To determine the optimal mean-variance portfolio of an investor, one needs to estimate the moments of asset returns, such as means, volatilities, and correlations. Traditionally, historical data on returns have been used to estimate these moments, but researchers have found that portfolios based on sample estimates perform poorly out of sample. A number of approaches have been proposed for improving the performance of portfolios based on historical data, however one should understand that any estimate based on historical data implicitly assumes that history will repeat, and it is certainly far from obvious!
We use a different idea: when investors come to market to trade options, their opinions, information, and sentiment are incorporated into the current prices of options, so that these prices fully absorb current expectations about the future from all market participants. Thus, instead of trying to improve the quality of the moments estimated from historical data, one can use forward-looking moments of stock-return distributions that are implied by option prices. The main contribution of our work is to evaluate empirically which aspects of option-implied information are particularly useful for improving the out-of-sample performance of portfolios with a large number of stocks. Specifically, we consider option-implied volatility, correlation, skewness, and the risk premium for stochastic volatility.

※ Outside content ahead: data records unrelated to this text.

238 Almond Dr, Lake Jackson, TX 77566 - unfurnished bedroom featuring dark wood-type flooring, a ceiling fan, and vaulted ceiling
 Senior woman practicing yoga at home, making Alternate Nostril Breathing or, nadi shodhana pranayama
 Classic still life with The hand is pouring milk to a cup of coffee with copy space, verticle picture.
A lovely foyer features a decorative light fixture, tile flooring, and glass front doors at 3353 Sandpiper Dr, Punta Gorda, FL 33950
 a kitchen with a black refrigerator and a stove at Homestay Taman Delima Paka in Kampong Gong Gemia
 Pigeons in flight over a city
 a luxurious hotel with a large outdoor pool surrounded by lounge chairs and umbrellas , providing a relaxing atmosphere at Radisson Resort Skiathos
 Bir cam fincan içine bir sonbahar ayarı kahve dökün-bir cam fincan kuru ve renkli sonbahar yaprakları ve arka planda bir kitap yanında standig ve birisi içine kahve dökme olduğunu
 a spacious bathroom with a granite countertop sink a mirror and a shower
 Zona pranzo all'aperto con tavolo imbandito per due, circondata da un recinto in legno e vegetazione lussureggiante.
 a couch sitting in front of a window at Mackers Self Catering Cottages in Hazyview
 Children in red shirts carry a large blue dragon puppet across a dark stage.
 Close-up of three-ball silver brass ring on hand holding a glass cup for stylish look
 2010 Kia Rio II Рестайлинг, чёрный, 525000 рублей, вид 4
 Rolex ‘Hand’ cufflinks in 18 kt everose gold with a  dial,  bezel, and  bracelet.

When option prices are available, an intuitive first step is to use this information to back out implied volatilities and use them to predict volatility, and hence as a first experiment we consider the use of option implied volatilities and correlations to improve out-of-sample performance of mean-variance portfolios invested in only risky stocks. When evaluating the benefits of using option-implied volatilities and correlations, we set expected returns to be the same across all assets so that the results are not confounded by the large errors in estimating expected returns. Consequently, the mean-variance portfolio reduces to the minimum-variance portfolio. In addition to considering the minimum-variance portfolio based on the sample covariance matrix, we consider also the shortsale-constrained minimum-variance portfolio, the minimum-variance portfolio with shrinkage of the covariance matrix, and the minimum-variance portfolio obtained by assuming all correlations are equal to zero or with correlations set equal to the mean correlation across all asset pairs. We find that using risk-premium-corrected option-implied volatilities in minimum-variance portfolios improves the out-of-sample volatility by more than 10% compared to the traditional portfolios based on only historical stock-return data, while the changes in the Sharpe ratio are insignificant. Thus, using option-implied volatility allows one to reduce the out-of-sample portfolio volatility significantly.
Next, we examine the use of risk-premium corrected option-implied correlations to improve the performance of minimum-variance portfolios. We find that in most cases option-implied correlations do not lead to any improvement in performance. Our empirical results indicate that the gains from using implied correlations are not substantial enough to offset the higher turnover resulting from the increased instability over time of the covariance matrix when it is estimated using option-implied correlations.
Finally, to improve the out-of-sample performance of mean-variance portfolios we consider the use of option-implied volatility, risk premium for stochastic volatility, and option-implied skewness. These characteristics have been shown in the literature to help explain the cross section of expected returns. Therefore, it makes sense to explore their effect in the framework of mean-variance portfolios. Using these characteristics to rank stocks and adjusting by a scaling factor the expected returns of the stocks, or using these characteristics with the parametric-portfolio methodology, leads to a substantial improvement in the Sharpe ratio, even after prohibiting shortsales and accounting for transactions costs.
Bottom line: We find that using option-implied volatilities can lead to a significant improvement in portfolio volatility; however, option-implied correlations are less useful in reducing port- folio volatility. We also find that forming portfolios using expected returns that exploit information in option-implied model-free skewness and implied volatility achieve a higher Sharpe ratio than portfolios that ignore option-implied information (the benchmark portfolios are the 1/N portfolio; four types of minimum- variance portfolios and four types of mean-variance portfolios based on historical returns; and, the parametric portfolios of Brandt, Santa-Clara, and Valkanov (2009), based on historical returns and size, value, and momentum characteristics). This improvement in performance is present even after adjusting for transactions costs. Based on our empirical analysis, we conclude that prices of stock options contain information that can be useful for improving the out-of-sample performance of portfolios.